• **Task**: Could you return each entry below exactly as written, minus any pictures?
◆ ◆ ◆ ◆ ◆ ◆ ◆
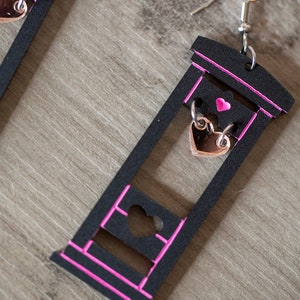 May include: A pair of black guillotine earrings with pink trim. Each earring features a small heart-shaped charm hanging from the blade.
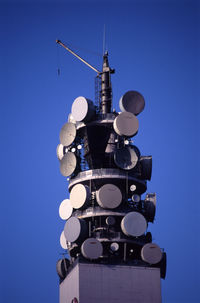 Low angle view of communications tower against clear sky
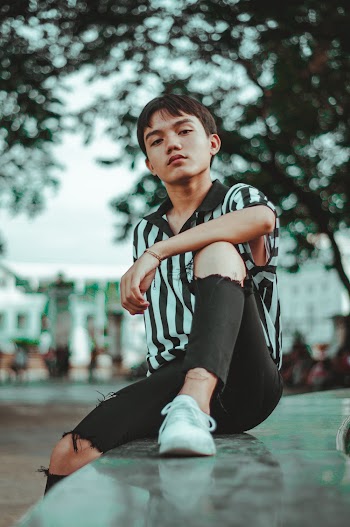 Man Wearing Striped Shirt and Ripped Jeans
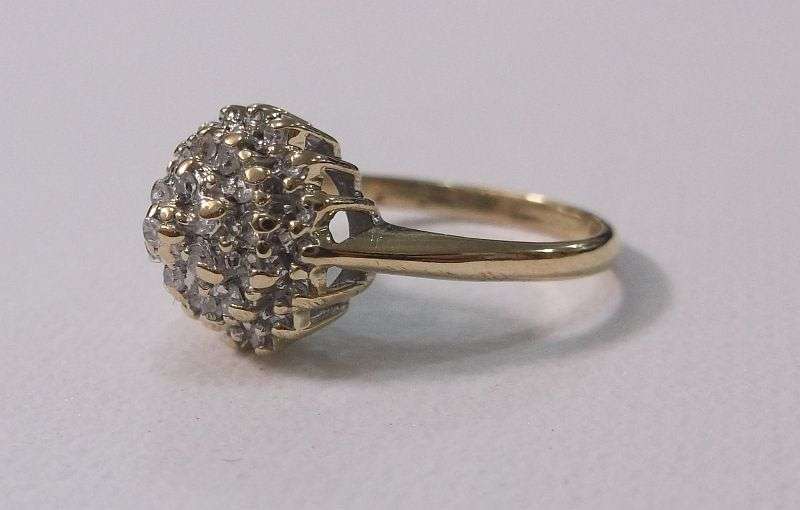 A BREATHTAKING HALLMARKED 9 CT GOLD RING SET WITH 35 DIAMONDS VALUED AT R 15 000 ...MUST SEE !!!!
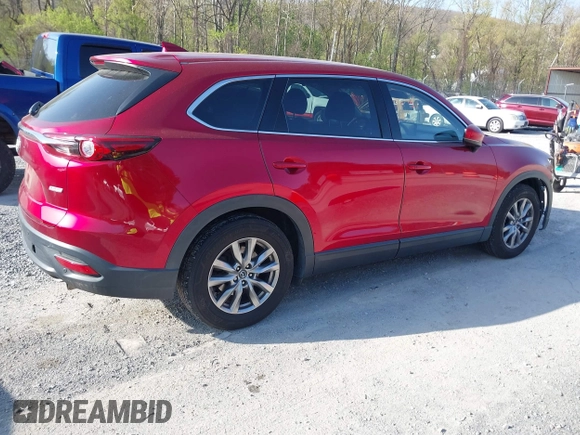 2019 Mazda CX-9 Touring with VIN JM3TCACY0K0310851, listed as a IAAI auction lot 42066395 with 91,046 mi miles and . Bid and sale history available at DreamBid. Image 4.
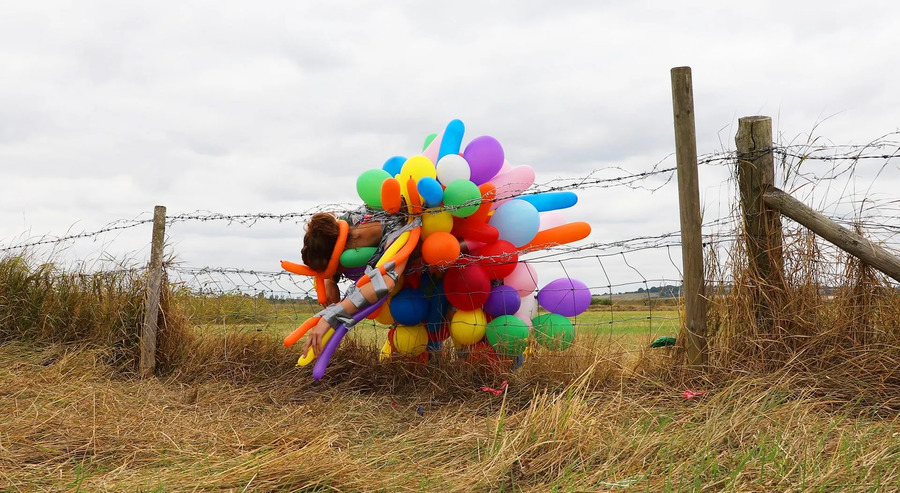 A figure covered in colourful balloons tries to squeeze through a wire fence in a field.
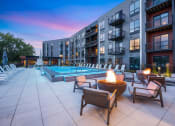 Thumbnail 77 of 82 - an outdoor pool with chairs and a fire pit at dusk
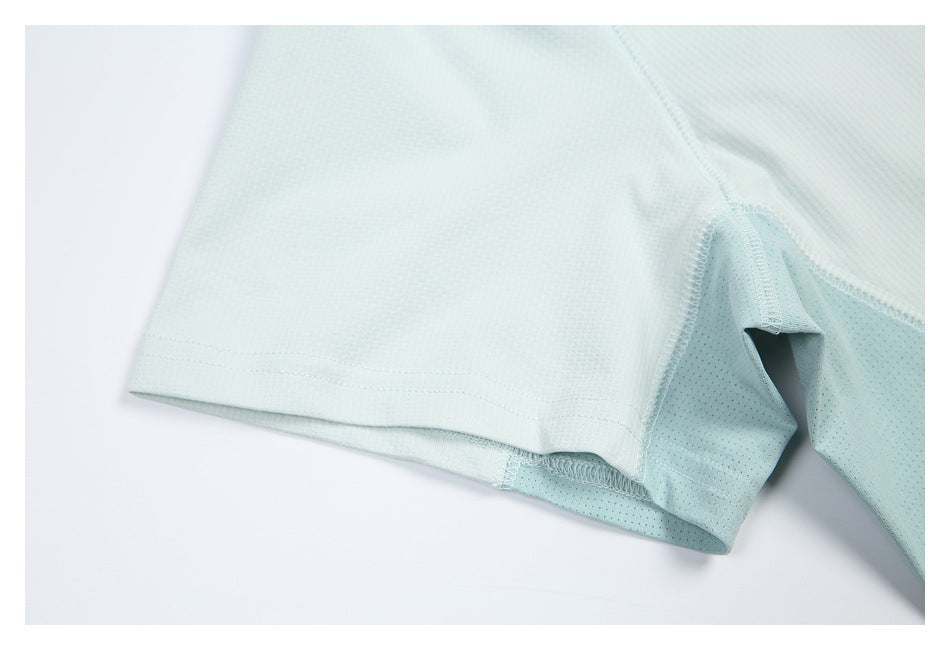 Close-up of a pale mint athletic shirt sleeve hem and perforated mesh underarm panel.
◆ ◆ ◆ ◆ ◆ ◆ ◆
• **Exercise output**:
 May include: A pair of black guillotine earrings with pink trim. Each earring features a small heart-shaped charm hanging from the blade.
 Low angle view of communications tower against clear sky
 Man Wearing Striped Shirt and Ripped Jeans
 A BREATHTAKING HALLMARKED 9 CT GOLD RING SET WITH 35 DIAMONDS VALUED AT R 15 000 ...MUST SEE !!!!
 2019 Mazda CX-9 Touring with VIN JM3TCACY0K0310851, listed as a IAAI auction lot 42066395 with 91,046 mi miles and . Bid and sale history available at DreamBid. Image 4.
 A figure covered in colourful balloons tries to squeeze through a wire fence in a field.
 Thumbnail 77 of 82 - an outdoor pool with chairs and a fire pit at dusk
 Close-up of a pale mint athletic shirt sleeve hem and perforated mesh underarm panel.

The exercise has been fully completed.